For many chaplains, our nature is to want to put down that authority rather than pick it up. This often comes from our own issues with authority based on past experience, including pastoral authority. Most of the clergy I served under had a very rigid, top-down approach to ministry. As an assistant pastor, being a strong leader with clear action plans and bold vision was valued more than being a good listener or counselor. This type of leadership and authority quickly soured on me, and when I could I ran from it. I didn’t want to be associated with that type of authority.
I expect that many of us who are chaplains already or who are considering chaplaincy have a similar experience. We strive to be a different model of minister, one who has more of a shepherd’s heart than a priest’s. We may lay down or avoid the priestly authority that our title, degree or ordination provides because we associate it with pain – our own as well as the pain of others. However doing so can rob us of one of our most valuable tools in our arsenal, one that not only can bring healing and transformation to others but to ourselves as well. As I grew in chaplaincy, I met many others who had been hurt by spiritual authority figures. That made me all the more want to shun the authority that I didn’t realize I still had. However as part of CPE I learned that pastoral authority was something I had to understand and use, not just avoid.
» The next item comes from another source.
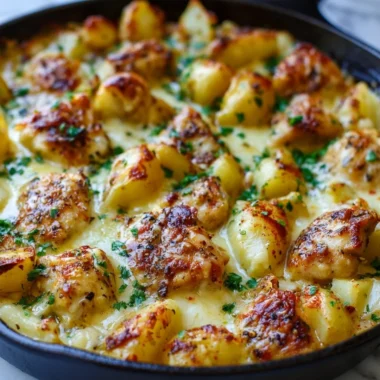 Delicious Garlic Parmesan Chicken with roasted potatoes served on a plate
I had to work through my own conceptions, right and wrong, before I could adequately help others do the same.
One thing I think we fail to recognize as chaplains is how the use of pastoral authority changes us spiritually in ways we might not expect. I recently experienced this on a mission trip to Nicaragua with my family. The group we were with included our senior pastor and his wife among others. We were running a vacation Bible school there to show a mission partner what we do so it could be replicated. On the night before our last day in the village our leader (who was not our pastor) asked me if I could serve communion to the group, as I’m ordained in my church.
My first reaction was to pull away. I thought that our pastor would be offended, or that I would say or do the wrong thing, or not know what to say at all. After deferring for a while I agreed. While I had served over communion in the past, it was never in the context of my own church – and especially my family! I gave some thought as to what to say and that evening asked everyone to join me in the dark patio garden outside. When I gave each person a piece of bread and hastily-procured grape juice (which looked and tasted remarkably like Nyquil) I told them that this was the body and blood of Christ, and hugged everyone as I did so.
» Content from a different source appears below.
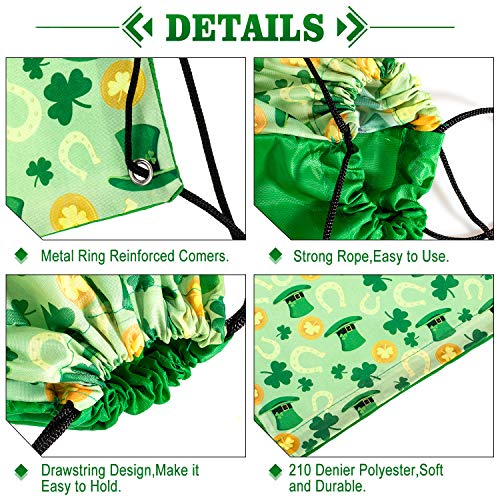 Whaline 5 Pieces St Patrick's Day Drawstring Bags, Shamrock Backpack Irish Large Goody Treat Candy Bags Bulk Wrapping Gift Bag for St Patrick's Party Favors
This is not something I usually do. It’s not something that I ever do, really. It wasn’t even something that I planned to do. But beforehand I had considered how I could use that authority in a positive way and “be Christ” to this group I had come to care about. And at that time, I just felt like I needed to hug them. Something about that group, that place, that context, and where I was spiritually at the time congealed into something more than just a service. It was a profound spiritually significant experience for me. Many told me afterwards, some through tears, that it was one of the most meaningful experiences they had that trip. It brought about tears in me as well, and softened my own heart as I realized one of those “God moments” that come by so fleeting in life.
I bring this up to say that accepting and using the pastoral authority we have as chaplains is not only for the benefit of those we serve, but for ourselves as well. By mirroring Christ to others we can help heal old wounds left by the church, the congregation, or even by their experience of the divine. I knew that, but what I didn’t know was how transformative it was to be that mirror. Often as chaplains we see God working in the lives of others. Sometimes it’s through us and what we do. At other times we experience God coming from someone that we serve. But be open as well to how amazing, humbling and fulfilling it can be to experience God’s love in Him, with Him, and through Him!
Pastoral authority in this way is such an empowering thing. It’s one that frankly is even a bit fearful to approach, as it brings the presence of God that much closer to our senses. It frankly feels less like “power over” and more like “power through” or “power in“.
If you’re apprehensive about taking that authority as your mantle, don’t be. It can not only transform those you serve but you as well.